The eurozone debt crisis has been at the forefront since late 2009 when it became apparent that Greece was struggling to curb its towering deficit. Greece unsuccessfully implemented several austerity measures aimed at restoring financial stability, ultimately succumbing to a bailout package in early May of 2010. History has repeated itself since then seeing as how Greek debt woes remain a burden despite a second bailout package. Investors have seemingly brushed aside lingering debt drama for the past few weeks as encouraging economic data on the home front has bolstered equities higher [see ETF Insider: Did Wall Street Forget About Greece?]. The bulls need to be aware that the overseas debt drama is far from resolved, and could spark more worries in months to come.

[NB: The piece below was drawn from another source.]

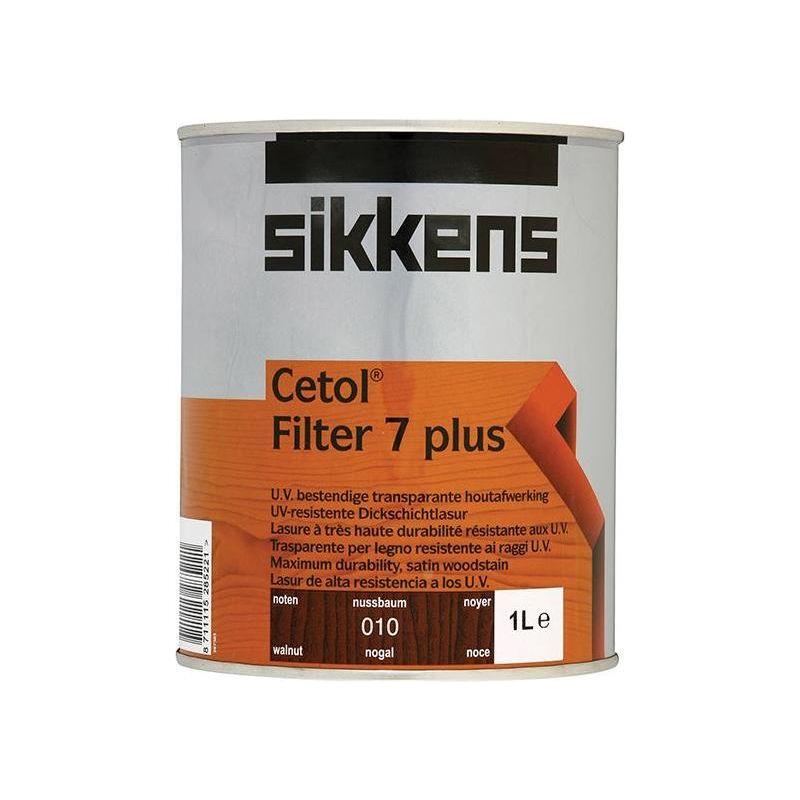 Sikkens Cetol Filter 7 Plus Translucent Woodstain Walnut 1 litre Sikkens - RockBottom Nothampton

Although lawmakers have taken measures to ensure the longevity of the currency bloc, debt drama is infamous for resurfacing at the most inconvenient of times. It’s hard to ignore the fact that the most recent $170 billion Greek bailout package was passed in the face of violent protests in the debt stricken nation. Civil unrest has translated into political tension as several Greek policymakers have voiced their opposition to the proposed austerity measures, further adding to the cloud of uncertainty which is plaguing investors’ confidence. Investors who are trying to decipher all of the intricacies surrounding the bailout negotiations are likely overwhelmed; a recent article on ZeroHedge.com does an excellent job of outlining the various factors and terms associated with the Greek debt crisis.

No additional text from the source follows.